4. FP8 KV Cache Causes Repetition
Adding --kv-cache-dtype fp8 looks like a free memory optimization. On GB10, it causes outputs to degrade into repetition loops after ~500 tokens due to missing calibration data. Root cause →
5. Chunked Prefill Kills SSM Models
--enable-chunked-prefill is a standard vLLM optimization for Transformers. On SSM+MoE hybrids (Qwen3.5, Mamba-based models), it causes a 9x throughput regression. Analysis →
What Was Gained
The shortest path: Ollama installed → ollama run qwen3-coder-next → inference in 5 minutes. No Docker, no flags, no config.
The production path: vLLM with cu130-nightly → prefix caching drops TTFT from 2-4s to 0.12s → agent workloads become responsive.
The diagnostic: one nvidia-smi command before anything else. If power draw shows 5W under load, stop troubleshooting software.
Deep Dive Links
Every section above has a full article behind it:
| Topic | Article |
|---|---|
| Model benchmark (8 models) | Part 1: Finding the Best Stack |
| Ollama → vLLM migration | Part 2: Qwen3.5 at 47 tok/s |
| 120B model deployment | Part 3: Nemotron-120B Debug Log |
| FP8 KV cache bug | Part 5: Repetition Loops |
| Power/thermal diagnostic | Part 6: 30W Safety Mode |
| Gemma 4 model selection | Part 14: Complete Guide |
| vLLM vs Ollama speed gap | Part 8: Why 30% Faster |
FAQ
- What is the DGX Spark and how much does it cost?
- The DGX Spark is NVIDIA's desktop AI workstation with a GB10 Grace Blackwell Superchip — 128 GB unified memory, 273 GB/s bandwidth, SM121 compute. MSRP $4,699 as of February 2026 (up from $3,999 due to memory shortages). The ASUS Ascent GX10 is the same hardware in an ASUS chassis at a similar price point.
- How long does it take to go from unboxing to running an LLM on DGX Spark?
- About 15 minutes with Ollama (download + one command). About 30-45 minutes with vLLM (Docker setup + model download + configuration). The hardware check takes 2 minutes.
- Is the DGX Spark worth it in 2026?
- At $4,699, the DGX Spark is worth it if you need to run models larger than 32 GB locally (70B-120B+). Its 128 GB unified memory is unmatched at this price point. For models under 32 GB, an RTX 5090 system ($3,700+ for the GPU alone) is 6.6x faster on bandwidth. The DGX Spark's value is capacity and silence, not raw speed.
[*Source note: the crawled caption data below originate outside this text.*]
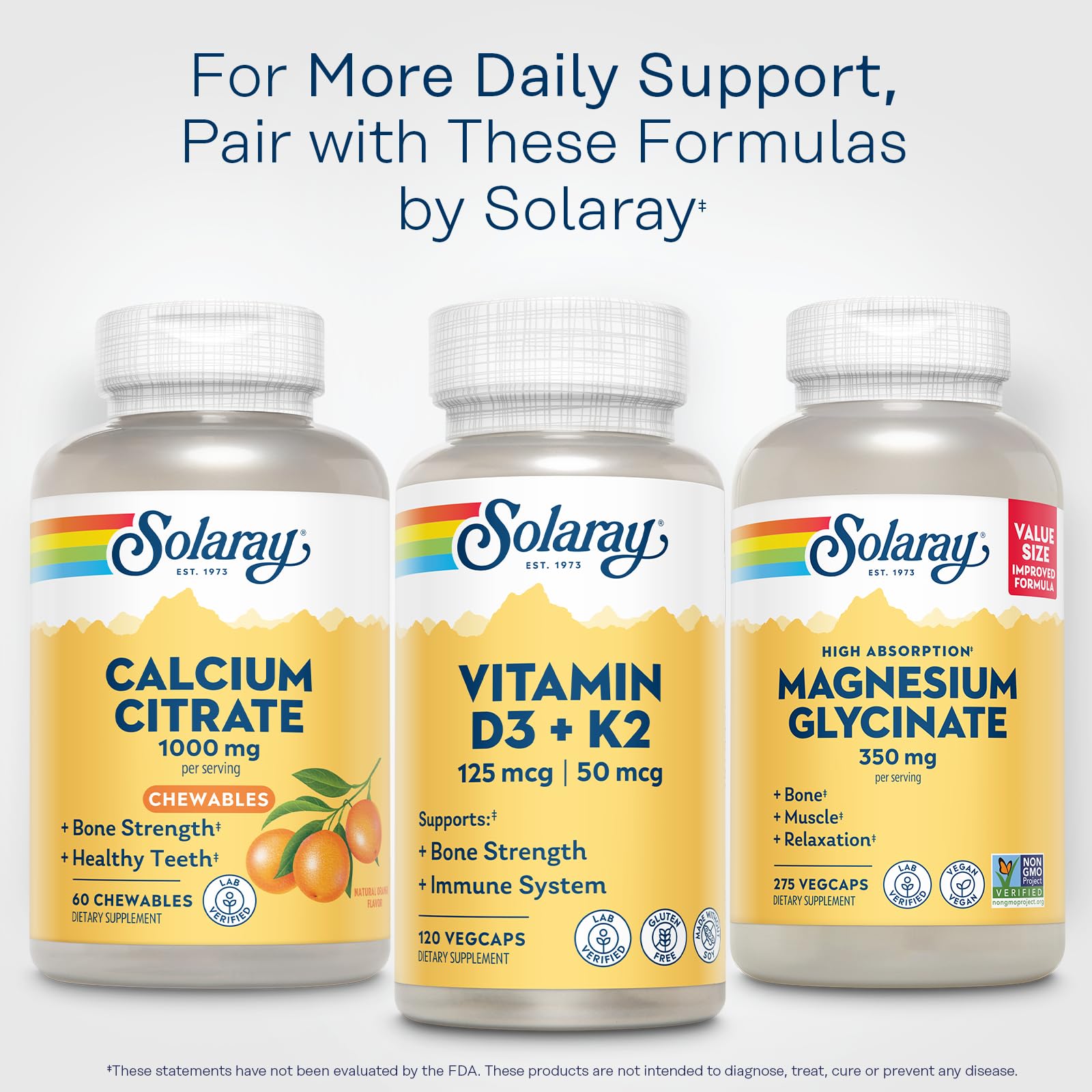 SOLARAY etiqueta con información nutricional enfatizando control de calidad y certificaciones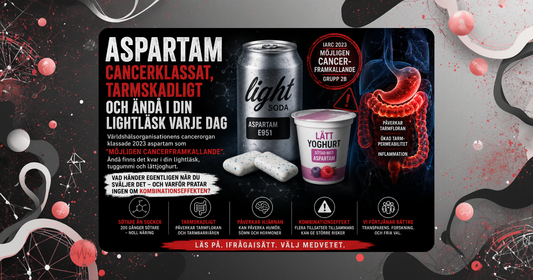 Burk med lightläsk bredvid kemiska molekylstrukturer – aspartam och dess nedbrytningsprodukter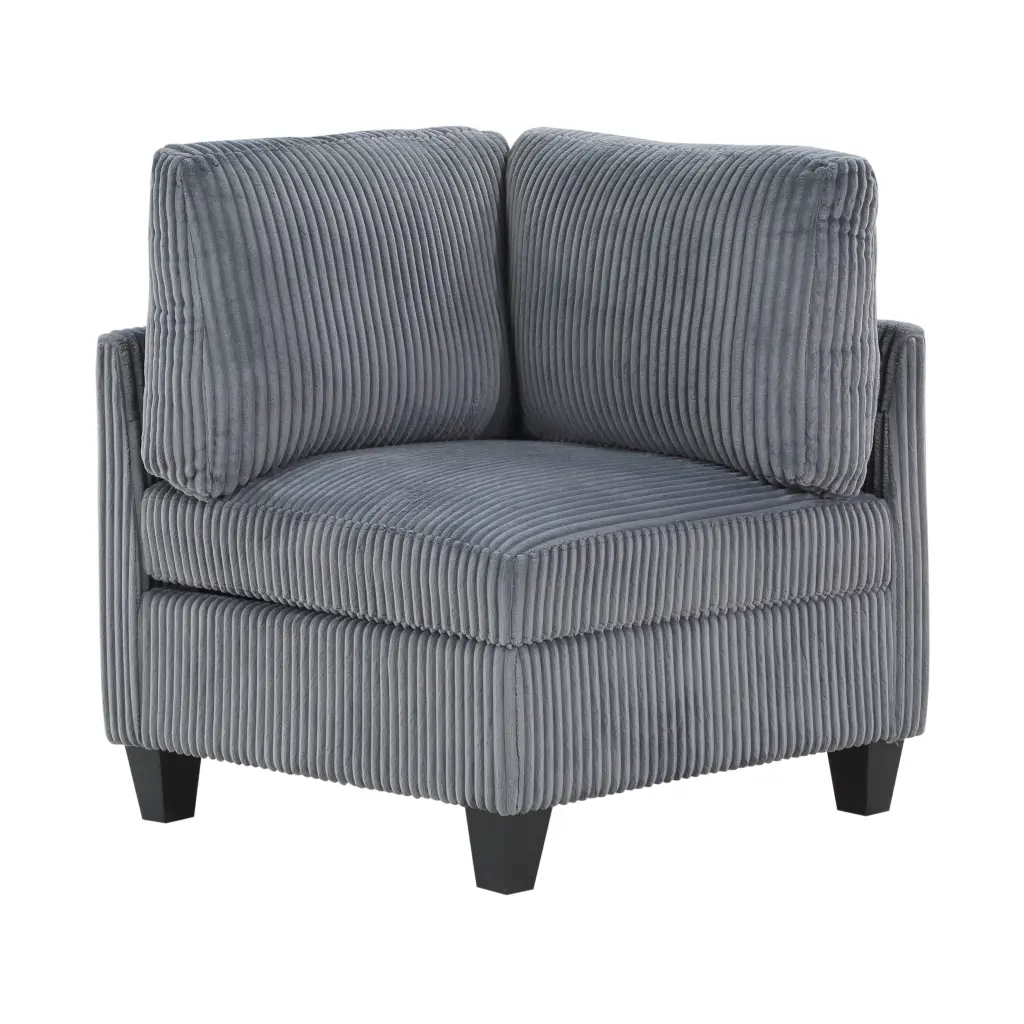 Modern Dark Gray Corner Seat Storage Cordur Fabric kanepe
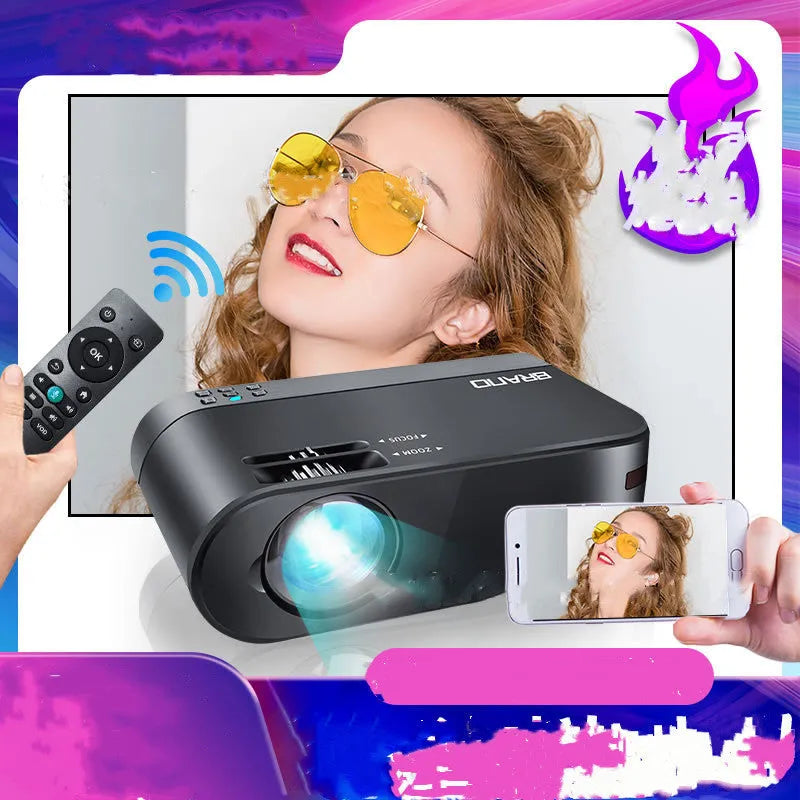 Portable wireless projector showing mobile phone connectivity and voice control features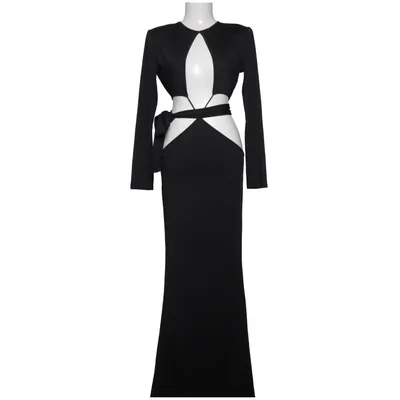 Maxi jurk (Zwart) Elastaan, Polyester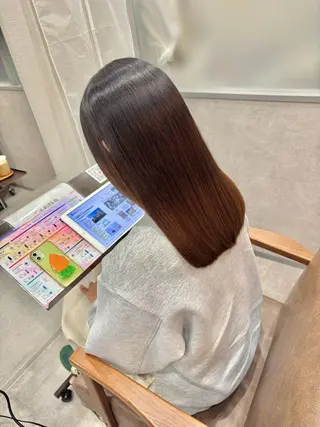 セミロング 久保田康雅 辻堂 髪質改善×縮毛矯正のヘアスタイル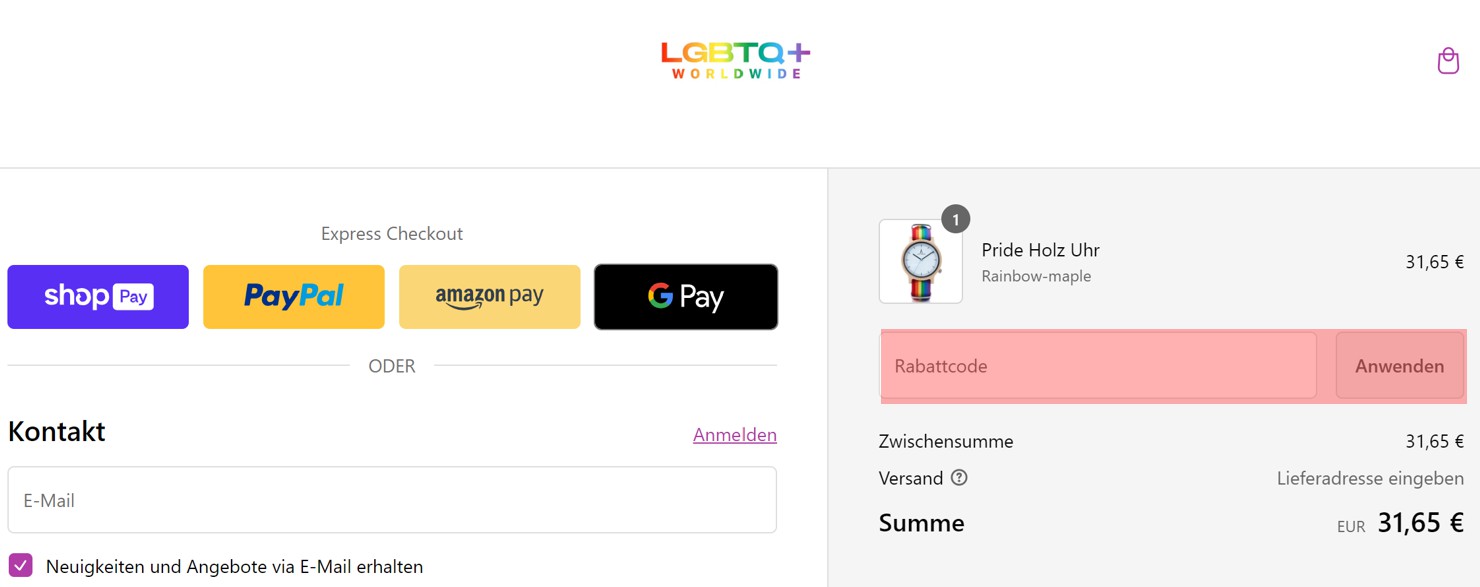 wie ist ein LGBTQ Worldwide Gutscheincode einzulösen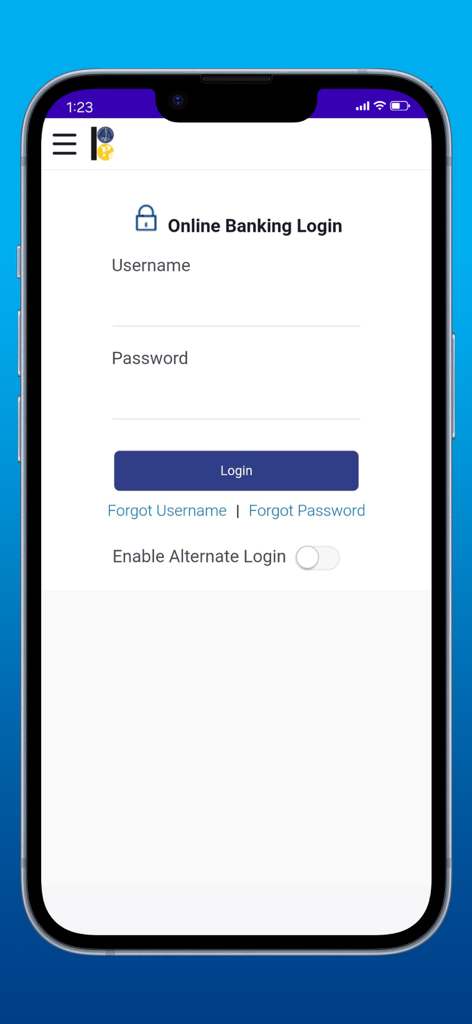 Login screen for the BOB ONLINE mobile banking application featuring username and password fields.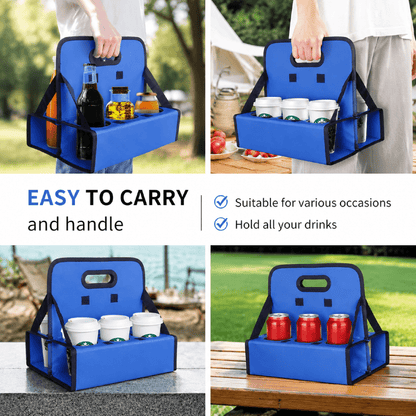 Foldable Six-Cup Drink Carrier with Handle, Reusable Caddy in Blue - Image 3
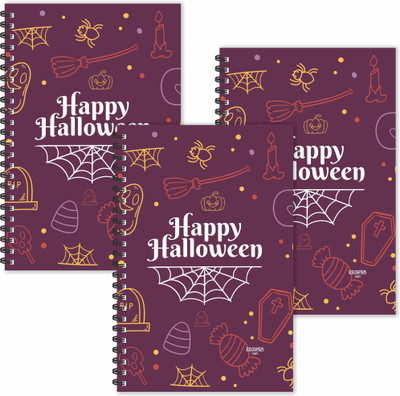 ESCAPER Happy Halloween Doodle Diaries (Ruled - A5 Size - SUPER SAVER Pack of 3 Diaries) | Halloween Theme Diaries | Halloween Diaries A5 Diary Ruled 160 Pages(Multicolor, Pack of 3)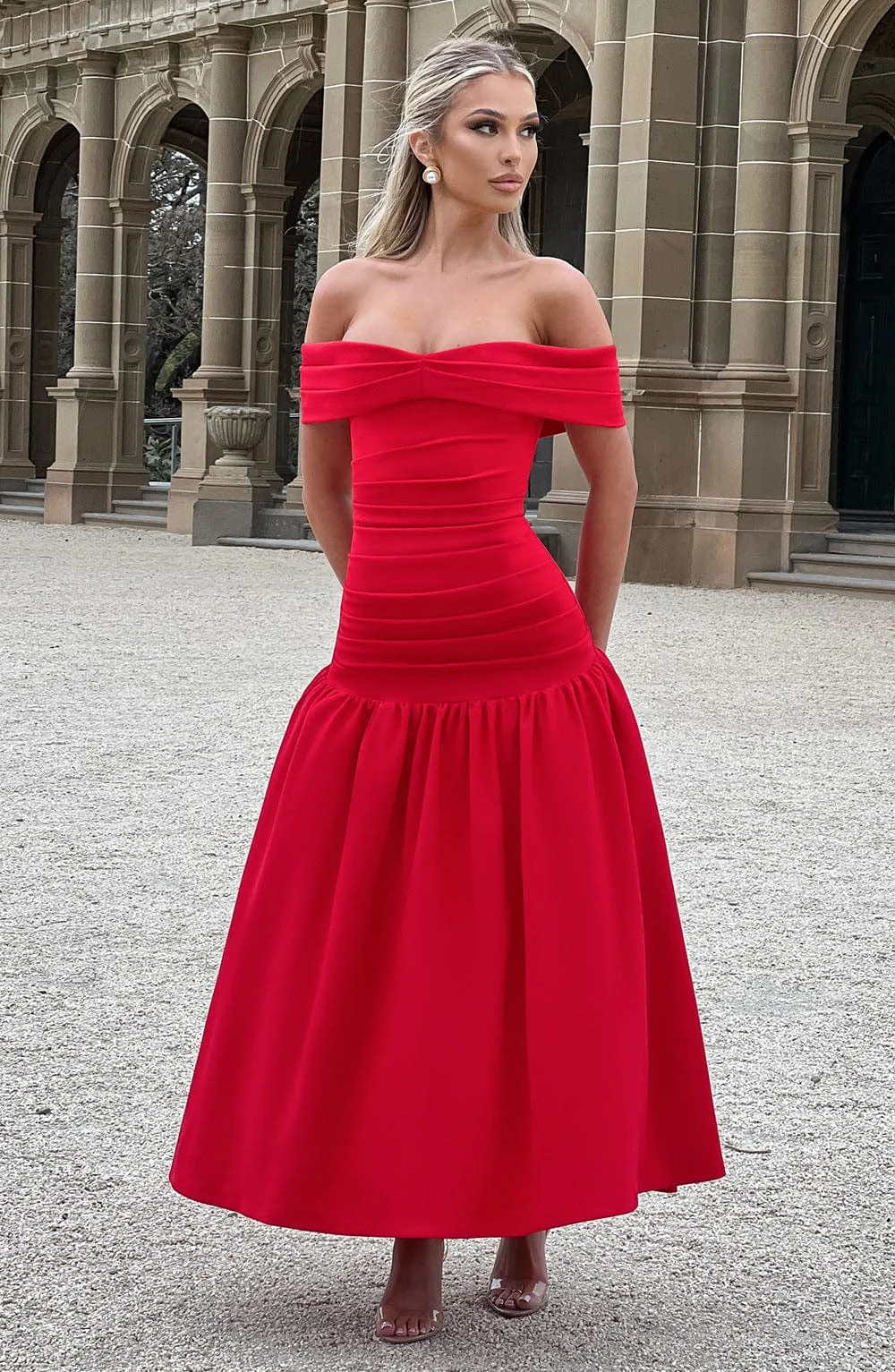 Red Dropped Waist Midaxi Dress with Bardot Neckline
- DGX Spark vs RTX 5090 — which should I buy for local AI?
- DGX Spark: 128 GB memory, 273 GB/s bandwidth, $4,699, runs 120B+ models. RTX 5090: 32 GB GDDR7, 1,792 GB/s bandwidth, ~$3,700+ GPU only, 6.6x faster but limited to ~30B models. Buy DGX Spark for large models and always-on serving. Buy RTX 5090 for maximum speed on smaller models.
- Should I use Ollama or vLLM on DGX Spark?
- Start with Ollama (works in 5 minutes, great for experimentation). Move to vLLM when you need prefix caching (0.12s vs 2-4s TTFT), production stability, or NVFP4 quantization. Both can coexist on the same machine — just don't run them simultaneously.